(Carta Maior, 21/05/2014) A conta do twitter “A Minha Empregada” tem gerado polêmica na internet ao revelar algo que muitos tentam baixar os olhos: as agressões às empregadas domésticas no Brasil. Os relatos retuitados fazem com que a máscara de pretensa familiaridade na relação entre patroa e empregada das novelas da Globo caia. Muitos vão dizer que isso são casos isolados, mas o simples fato destes tipos de “brincadeiras” serem socialmente aceitas em certos meios já mostra o quanto este discurso está entranhado na sociedade brasileira.
A contratação de trabalhadores domésticos em larga escala é consequência do atraso social de um país. O fato de que existem pessoas que ganham o suficiente para que outra pessoa faça o serviço que ela própria poderia fazer demonstra o abismo da desigualdade social de uma nação. A proporção da existência deste tipo de trabalho se dá na medida que houver, de um lado, um excedente de mão-de-obra desempregada e sem qualificação para outros tipos de serviço, e de outro, uma classe que ganha o suficiente para comprar a força de trabalho de outra pessoa.
E a força de trabalho a ser comprada nesses casos é sempre a da mulher. Isso decorre de uma das mais graves consequências do machismo em nossa sociedade: a delegação dos trabalhos mais mal-remunerados ao sexo feminino. Sob as falácias sociais de que a mulher não pode desenvolver outras atividades mais “pesadas” (como se o trabalho doméstico fosse “leve”) e de que o trabalho doméstico é “coisa de mulher”, a muitas mulheres sem qualificação profissional só sobra o serviço doméstico. E isso é um problema não porque o trabalho doméstico seja indigno, mas porque até pouco tempo atrás estes serviços não gozavam de nenhuma regulamentação legal, o que deixava as trabalhadoras sem garantia alguma.
E essa desregulamentação do serviço doméstico é herança do escravismo e do patriarcado. Achar o serviço doméstico “menor” que os outros; achar que a patroa faz um “favor” ao oferecer um cômodo na casa para a empregada; afirmar que não é possível contar as horas de trabalho da empregada tal qual outros trabalhos porque ela passa o tempo entre uma atividade e outra “descansando”; separar a cozinha das áreas de vivência; ter entradas e elevadores “de serviço”; a preponderância de negras entre as trabalhadoras: tudo isso é herança de nosso escravismo, que incrustou estruturas e visões de mundo sobre o trabalho que estão presentes até hoje.

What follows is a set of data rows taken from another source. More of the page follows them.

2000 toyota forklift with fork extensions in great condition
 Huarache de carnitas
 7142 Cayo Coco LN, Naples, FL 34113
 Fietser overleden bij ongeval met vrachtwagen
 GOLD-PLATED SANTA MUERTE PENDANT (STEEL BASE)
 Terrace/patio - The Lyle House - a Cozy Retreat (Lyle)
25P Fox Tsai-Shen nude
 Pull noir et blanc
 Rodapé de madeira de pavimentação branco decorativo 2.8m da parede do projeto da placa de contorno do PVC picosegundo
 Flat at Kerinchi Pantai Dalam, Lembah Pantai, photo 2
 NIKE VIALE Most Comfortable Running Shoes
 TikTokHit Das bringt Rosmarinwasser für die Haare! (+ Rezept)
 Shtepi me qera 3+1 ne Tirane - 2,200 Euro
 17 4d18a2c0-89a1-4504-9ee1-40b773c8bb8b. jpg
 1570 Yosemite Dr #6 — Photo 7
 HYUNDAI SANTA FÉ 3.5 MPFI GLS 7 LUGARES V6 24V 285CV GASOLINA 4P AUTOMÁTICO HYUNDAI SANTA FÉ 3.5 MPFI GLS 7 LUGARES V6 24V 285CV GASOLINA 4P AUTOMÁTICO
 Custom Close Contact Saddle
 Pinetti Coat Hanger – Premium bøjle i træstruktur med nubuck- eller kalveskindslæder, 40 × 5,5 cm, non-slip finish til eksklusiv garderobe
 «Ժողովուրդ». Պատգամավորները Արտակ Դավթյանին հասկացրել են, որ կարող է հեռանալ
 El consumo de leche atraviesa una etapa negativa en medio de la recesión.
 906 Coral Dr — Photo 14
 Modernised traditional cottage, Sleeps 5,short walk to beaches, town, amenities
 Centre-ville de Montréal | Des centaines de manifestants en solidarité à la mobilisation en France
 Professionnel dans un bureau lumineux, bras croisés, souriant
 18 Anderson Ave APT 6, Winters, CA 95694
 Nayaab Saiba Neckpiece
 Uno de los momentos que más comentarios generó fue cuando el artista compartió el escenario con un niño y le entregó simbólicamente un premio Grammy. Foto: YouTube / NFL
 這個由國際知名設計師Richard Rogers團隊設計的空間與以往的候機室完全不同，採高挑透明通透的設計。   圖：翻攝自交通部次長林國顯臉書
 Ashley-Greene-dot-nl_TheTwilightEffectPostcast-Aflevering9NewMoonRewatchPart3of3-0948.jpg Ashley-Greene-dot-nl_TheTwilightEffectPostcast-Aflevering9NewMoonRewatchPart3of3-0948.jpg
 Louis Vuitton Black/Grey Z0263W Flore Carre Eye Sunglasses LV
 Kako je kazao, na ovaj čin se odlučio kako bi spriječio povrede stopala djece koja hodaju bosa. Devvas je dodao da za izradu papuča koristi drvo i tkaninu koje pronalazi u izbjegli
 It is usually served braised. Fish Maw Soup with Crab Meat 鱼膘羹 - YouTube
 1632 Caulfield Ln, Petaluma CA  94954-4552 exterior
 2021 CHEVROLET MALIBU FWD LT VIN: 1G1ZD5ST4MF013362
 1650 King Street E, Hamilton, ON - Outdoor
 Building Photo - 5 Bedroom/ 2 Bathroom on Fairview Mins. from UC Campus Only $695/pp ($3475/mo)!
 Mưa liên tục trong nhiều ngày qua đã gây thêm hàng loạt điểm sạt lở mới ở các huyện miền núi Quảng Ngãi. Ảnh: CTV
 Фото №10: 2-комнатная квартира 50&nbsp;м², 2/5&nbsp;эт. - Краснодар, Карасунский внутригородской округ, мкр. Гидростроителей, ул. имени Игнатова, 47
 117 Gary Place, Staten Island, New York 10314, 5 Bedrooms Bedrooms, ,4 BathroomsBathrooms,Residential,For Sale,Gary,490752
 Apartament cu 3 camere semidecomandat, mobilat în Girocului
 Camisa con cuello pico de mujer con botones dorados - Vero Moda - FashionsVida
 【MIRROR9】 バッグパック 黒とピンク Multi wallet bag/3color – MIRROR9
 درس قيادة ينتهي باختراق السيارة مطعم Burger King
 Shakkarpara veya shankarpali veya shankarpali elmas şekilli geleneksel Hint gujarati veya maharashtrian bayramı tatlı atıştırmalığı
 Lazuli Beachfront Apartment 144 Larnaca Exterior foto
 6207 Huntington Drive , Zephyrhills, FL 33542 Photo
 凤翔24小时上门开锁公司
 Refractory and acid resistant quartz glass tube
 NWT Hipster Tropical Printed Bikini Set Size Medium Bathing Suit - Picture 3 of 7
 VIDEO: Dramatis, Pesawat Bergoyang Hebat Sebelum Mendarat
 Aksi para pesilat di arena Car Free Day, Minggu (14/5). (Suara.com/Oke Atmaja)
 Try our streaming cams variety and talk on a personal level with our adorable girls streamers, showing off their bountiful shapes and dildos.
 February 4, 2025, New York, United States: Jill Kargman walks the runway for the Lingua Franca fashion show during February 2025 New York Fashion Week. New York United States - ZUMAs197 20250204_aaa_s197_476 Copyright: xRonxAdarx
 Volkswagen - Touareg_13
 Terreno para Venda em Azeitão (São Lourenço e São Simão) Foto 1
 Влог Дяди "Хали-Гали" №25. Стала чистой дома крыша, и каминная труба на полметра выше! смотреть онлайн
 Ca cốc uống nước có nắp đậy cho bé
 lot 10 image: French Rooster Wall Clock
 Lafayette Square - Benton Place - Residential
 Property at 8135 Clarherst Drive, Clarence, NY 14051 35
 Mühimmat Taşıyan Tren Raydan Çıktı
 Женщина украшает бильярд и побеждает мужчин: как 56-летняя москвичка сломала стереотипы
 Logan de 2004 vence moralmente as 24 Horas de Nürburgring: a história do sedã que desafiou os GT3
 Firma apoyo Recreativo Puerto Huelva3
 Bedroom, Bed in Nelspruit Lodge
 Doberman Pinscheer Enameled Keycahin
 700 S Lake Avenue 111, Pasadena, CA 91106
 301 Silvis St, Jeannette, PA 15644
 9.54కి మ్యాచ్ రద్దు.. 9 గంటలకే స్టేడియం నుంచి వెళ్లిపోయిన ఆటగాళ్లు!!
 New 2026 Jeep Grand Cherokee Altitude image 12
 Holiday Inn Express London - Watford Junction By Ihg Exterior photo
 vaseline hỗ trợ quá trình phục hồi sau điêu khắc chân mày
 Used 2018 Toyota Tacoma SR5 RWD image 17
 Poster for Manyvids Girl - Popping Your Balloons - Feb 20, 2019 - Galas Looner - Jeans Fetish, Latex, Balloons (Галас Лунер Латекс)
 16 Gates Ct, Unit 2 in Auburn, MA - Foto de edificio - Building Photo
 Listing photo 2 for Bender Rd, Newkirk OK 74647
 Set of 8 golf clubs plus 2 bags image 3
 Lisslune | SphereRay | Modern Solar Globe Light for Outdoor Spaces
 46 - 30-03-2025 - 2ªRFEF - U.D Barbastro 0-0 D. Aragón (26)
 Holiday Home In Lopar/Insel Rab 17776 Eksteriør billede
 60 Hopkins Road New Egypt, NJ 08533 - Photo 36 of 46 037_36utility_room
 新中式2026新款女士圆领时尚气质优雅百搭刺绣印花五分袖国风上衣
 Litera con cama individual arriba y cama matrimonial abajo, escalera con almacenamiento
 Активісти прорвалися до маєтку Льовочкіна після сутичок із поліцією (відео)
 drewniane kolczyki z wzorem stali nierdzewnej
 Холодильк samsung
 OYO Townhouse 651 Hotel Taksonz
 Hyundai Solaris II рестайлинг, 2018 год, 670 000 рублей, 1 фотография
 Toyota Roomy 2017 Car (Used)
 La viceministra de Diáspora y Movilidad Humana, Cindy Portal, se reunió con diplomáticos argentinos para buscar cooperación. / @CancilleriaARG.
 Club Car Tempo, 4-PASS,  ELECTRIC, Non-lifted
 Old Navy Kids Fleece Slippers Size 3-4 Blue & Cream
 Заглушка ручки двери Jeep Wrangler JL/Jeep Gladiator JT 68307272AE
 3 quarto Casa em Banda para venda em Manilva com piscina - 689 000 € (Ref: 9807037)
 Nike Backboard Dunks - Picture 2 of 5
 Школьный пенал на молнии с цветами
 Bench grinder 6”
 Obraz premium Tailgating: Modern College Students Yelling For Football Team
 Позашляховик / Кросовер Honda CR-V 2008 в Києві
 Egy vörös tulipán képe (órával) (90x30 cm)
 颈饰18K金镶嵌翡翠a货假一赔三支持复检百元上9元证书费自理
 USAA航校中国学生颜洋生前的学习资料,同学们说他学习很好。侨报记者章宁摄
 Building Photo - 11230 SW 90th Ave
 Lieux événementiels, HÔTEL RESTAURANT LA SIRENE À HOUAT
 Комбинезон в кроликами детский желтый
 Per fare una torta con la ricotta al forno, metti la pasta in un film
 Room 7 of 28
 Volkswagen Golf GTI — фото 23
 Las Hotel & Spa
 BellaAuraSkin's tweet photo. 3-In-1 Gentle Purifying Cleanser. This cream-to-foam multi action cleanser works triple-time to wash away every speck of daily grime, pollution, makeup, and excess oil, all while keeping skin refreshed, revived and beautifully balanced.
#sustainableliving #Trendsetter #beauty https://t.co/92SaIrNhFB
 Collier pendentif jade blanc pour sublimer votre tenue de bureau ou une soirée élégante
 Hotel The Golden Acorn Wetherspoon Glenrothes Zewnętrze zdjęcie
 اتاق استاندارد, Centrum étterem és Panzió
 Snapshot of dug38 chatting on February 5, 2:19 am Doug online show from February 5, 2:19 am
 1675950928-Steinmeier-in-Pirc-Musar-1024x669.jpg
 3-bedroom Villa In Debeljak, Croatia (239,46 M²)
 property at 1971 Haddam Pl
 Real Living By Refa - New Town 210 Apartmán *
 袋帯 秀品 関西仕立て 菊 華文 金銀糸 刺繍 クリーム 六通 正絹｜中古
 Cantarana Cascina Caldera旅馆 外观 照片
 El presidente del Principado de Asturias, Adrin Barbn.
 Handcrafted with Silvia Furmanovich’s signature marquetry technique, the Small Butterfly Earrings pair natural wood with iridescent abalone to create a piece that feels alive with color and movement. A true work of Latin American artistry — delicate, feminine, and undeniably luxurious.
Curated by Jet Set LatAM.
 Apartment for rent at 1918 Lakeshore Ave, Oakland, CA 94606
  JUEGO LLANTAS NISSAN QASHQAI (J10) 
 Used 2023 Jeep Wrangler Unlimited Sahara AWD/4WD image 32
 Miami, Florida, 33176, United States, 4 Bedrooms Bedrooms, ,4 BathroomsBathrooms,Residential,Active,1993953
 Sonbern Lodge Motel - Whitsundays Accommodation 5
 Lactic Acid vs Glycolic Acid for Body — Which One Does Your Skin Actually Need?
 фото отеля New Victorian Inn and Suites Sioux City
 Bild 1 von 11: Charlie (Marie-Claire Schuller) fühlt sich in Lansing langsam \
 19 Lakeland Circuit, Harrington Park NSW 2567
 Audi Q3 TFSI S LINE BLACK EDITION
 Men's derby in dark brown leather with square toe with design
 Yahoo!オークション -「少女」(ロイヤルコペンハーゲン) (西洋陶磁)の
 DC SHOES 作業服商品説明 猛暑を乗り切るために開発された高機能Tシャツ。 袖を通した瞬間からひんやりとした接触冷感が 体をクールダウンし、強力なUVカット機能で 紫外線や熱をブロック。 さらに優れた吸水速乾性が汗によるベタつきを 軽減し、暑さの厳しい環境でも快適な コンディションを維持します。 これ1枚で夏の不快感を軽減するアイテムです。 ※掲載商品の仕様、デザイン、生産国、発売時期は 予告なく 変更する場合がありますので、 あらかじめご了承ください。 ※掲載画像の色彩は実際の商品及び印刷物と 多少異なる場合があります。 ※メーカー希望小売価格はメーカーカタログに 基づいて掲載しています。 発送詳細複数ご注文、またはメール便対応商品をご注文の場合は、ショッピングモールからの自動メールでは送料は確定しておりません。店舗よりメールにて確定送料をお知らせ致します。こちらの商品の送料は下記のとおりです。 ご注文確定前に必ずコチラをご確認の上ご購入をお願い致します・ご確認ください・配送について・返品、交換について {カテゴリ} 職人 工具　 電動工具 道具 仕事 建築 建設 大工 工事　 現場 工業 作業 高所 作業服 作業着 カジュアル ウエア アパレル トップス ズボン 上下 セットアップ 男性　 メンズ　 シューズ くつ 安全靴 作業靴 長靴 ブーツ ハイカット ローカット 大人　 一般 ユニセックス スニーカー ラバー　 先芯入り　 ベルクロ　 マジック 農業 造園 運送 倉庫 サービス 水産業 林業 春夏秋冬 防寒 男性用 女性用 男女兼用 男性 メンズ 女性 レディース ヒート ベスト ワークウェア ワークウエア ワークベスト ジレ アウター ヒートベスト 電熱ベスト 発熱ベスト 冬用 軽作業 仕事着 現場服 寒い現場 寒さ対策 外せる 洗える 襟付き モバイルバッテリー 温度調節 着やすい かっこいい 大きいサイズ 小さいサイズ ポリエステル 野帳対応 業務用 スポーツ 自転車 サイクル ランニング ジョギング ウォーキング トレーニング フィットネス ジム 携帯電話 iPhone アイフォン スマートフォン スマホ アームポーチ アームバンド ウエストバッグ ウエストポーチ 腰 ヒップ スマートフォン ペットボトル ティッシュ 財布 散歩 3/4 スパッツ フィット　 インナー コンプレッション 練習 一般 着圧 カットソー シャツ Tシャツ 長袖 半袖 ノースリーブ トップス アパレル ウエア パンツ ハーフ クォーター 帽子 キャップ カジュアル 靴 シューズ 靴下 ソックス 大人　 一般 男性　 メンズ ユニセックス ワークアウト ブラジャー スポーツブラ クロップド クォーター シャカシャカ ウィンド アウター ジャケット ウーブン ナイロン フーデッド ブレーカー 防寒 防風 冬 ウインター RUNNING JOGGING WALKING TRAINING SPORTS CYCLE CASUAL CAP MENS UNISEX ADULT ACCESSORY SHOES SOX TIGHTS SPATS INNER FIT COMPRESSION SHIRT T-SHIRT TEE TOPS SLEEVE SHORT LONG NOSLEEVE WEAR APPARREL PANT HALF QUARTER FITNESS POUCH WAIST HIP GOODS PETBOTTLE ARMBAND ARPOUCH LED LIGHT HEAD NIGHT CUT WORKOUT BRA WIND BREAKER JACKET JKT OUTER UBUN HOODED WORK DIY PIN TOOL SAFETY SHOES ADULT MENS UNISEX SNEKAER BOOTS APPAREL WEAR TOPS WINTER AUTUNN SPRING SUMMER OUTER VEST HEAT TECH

As novas leis trabalhistas que asseguram às domésticas direitos que elas nunca tiveram é só um passo diante da longa caminhada rumo a uma sociedade mais igualitária.O Brasil precisa de outros avanços sociais além de leis para que o número de empregadas domésticas decresça e aquelas que continuarem neste serviço tenham melhores remunerações. Mais condições para qualificação profissional, mais seguridade social, salários melhores e menos machismo farão com que menos pessoas tenham no trabalho doméstico sua última opção de sobrevivência.